Scientific classification
- Kingdom: Animalia
- Phylum: Chordata
- Class: Mammalia
- Infraclass: Placentalia
- Order: Artiodactyla
- Family: Bovidae
- Subfamily: Hippotraginae
- Genus: Hippotragus
- Species: H. niger
- Subspecies: H. n. variani
- Trinomial name: Hippotragus niger variani Thomas, 1916

= Giant sable antelope =

Rare subspecies of the sable antelope

The giant sable antelope (Hippotragus niger variani) is a critically endangered subspecies of the common sable antelope native and endemic to the central highlands of Angola, occurring specifically in two areas: Cangandala National Park (south of the city of Malanje) and Luando Natural Strict Reserve (between the Kwanza and Luando Rivers, south of Cangandala).

== Taxonomy ==
The giant sable antelope was formally described in 1916 by British zoologist Oldfield Thomas of the Natural History Museum, London, who designated it a new subspecies of the sable antelope, Hippotragus niger, under the trinomial name Hippotragus niger variani. The subspecific epithet honours Frank Varian, the British railway engineer who first brought the animal to scientific attention while working on the construction of Angola's Benguela Railway.

The sable antelope belongs to the subfamily Hippotraginae within the family Bovidae, a grouping that also includes the roan antelope (Hippotragus equinus) and the extinct bluebuck (Hippotragus leucophaeus). Four subspecies of Hippotragus niger are currently recognised: the giant sable (H. n. variani), the common or southern sable (H. n. niger), the Zambian or Kirk's sable (H. n. kirkii), and Roosevelt's sable (H. n. roosevelti). The giant sable is the only subspecies endemic to Angola.

Molecular studies have confirmed the giant sable's status as a genetically distinct lineage. Mitochondrial DNA analysis places its divergence from other sable populations at between 120,000 and 170,000 years ago, a separation attributed to Pleistocene climatic isolation in the Cuanza river basin.
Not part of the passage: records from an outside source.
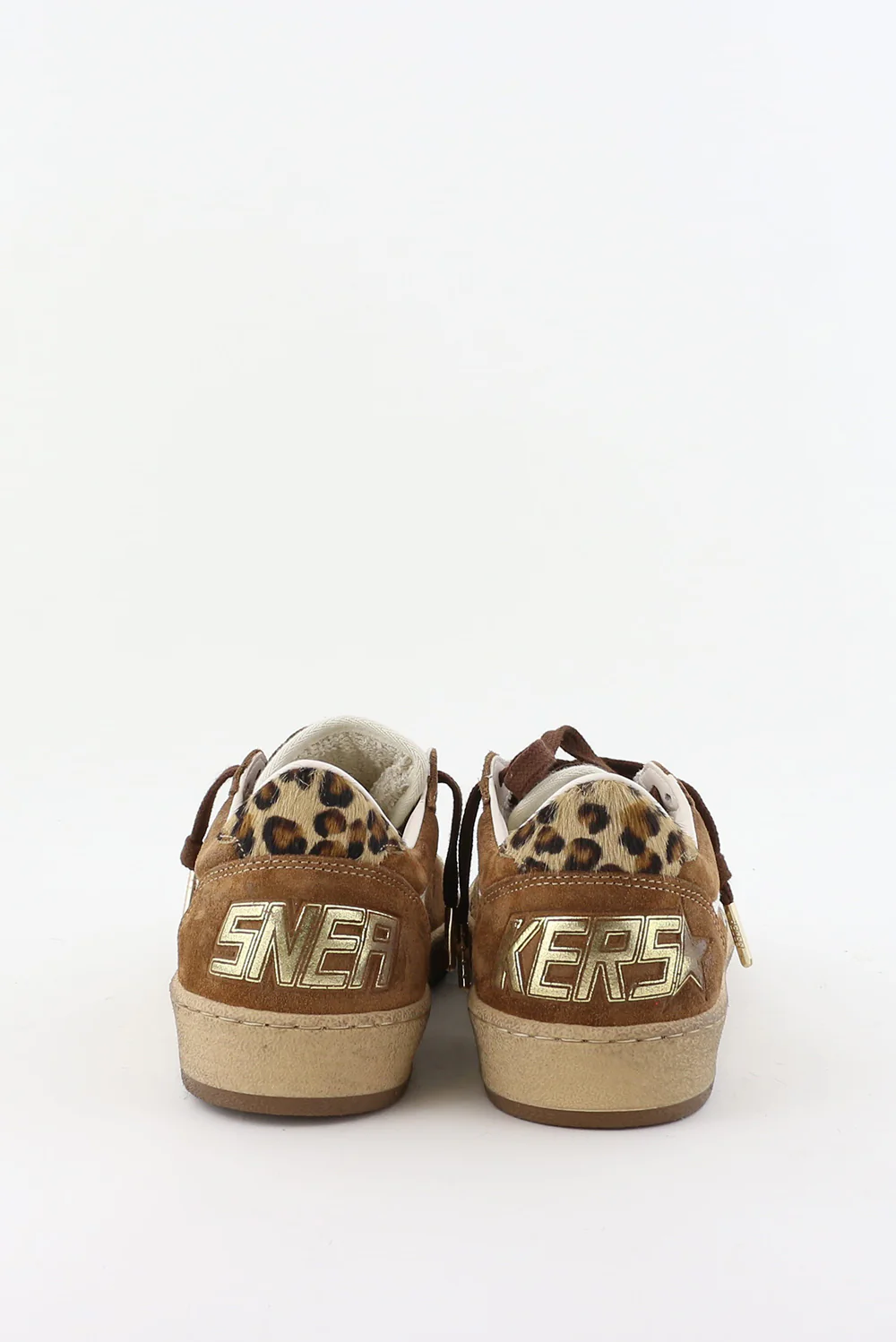Golden Goose sneakers Ballstar GWF00117.F008064.55732 brown/leopard/silver - Afbeelding 8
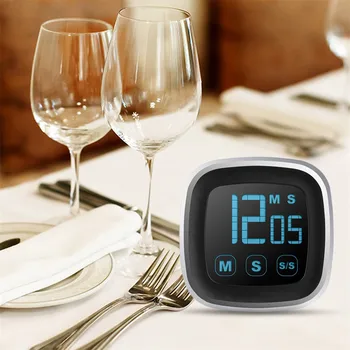 

SEAAN Large Electronic Touch Screen LED Display Kitchen Timer Electronic Digital Kitchen Cooking Timer Refrigerator Watch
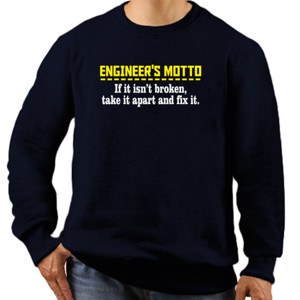 Jaket Sweater Engineers Motto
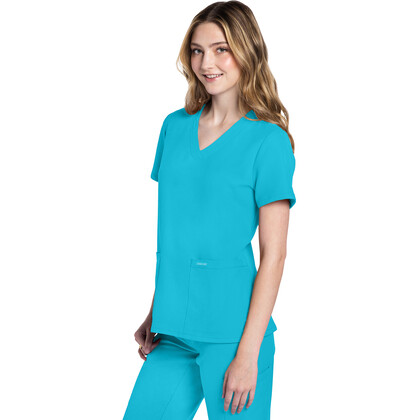 Γυναικεία Μπλούζα Cherokee Workwear Originals Ultra | V-Neck | 2 Τσέπες | Turquoise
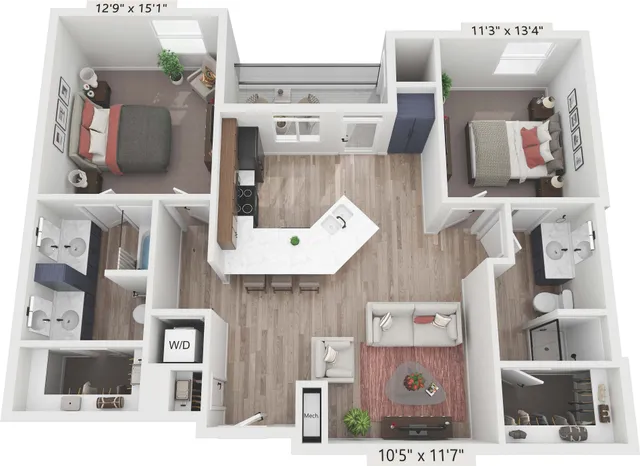 The Boardwalk Two-Bedroom Apartment - Agate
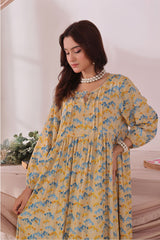 Ochre Clothing Women's Boski Linen Printed Dress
Subsequent analysis of nuclear markers has found very low historical gene flow between the giant sable and all other subspecies, supporting its recognition as a separate taxonomic unit.

== Discovery ==
It was first described in 1916 by Frank Varian, a British engineer and naturalist, as a new subspecies of sable antelope distinguished by its size, horn structure and length, and unique facial markings. At the time, Varian worked on the construction of Angola's Benguela Railway, which connected the inland mining areas with the Atlantic coast. His work in the remote highlands brought him into contact with some of the country's unique wildlife, leading to his discovery of the giant sable, which he subsequently documented and brought to scientific attention. The giant sable was the last of the large mammals to be discovered, with its discovery occurring after that of the Okapi.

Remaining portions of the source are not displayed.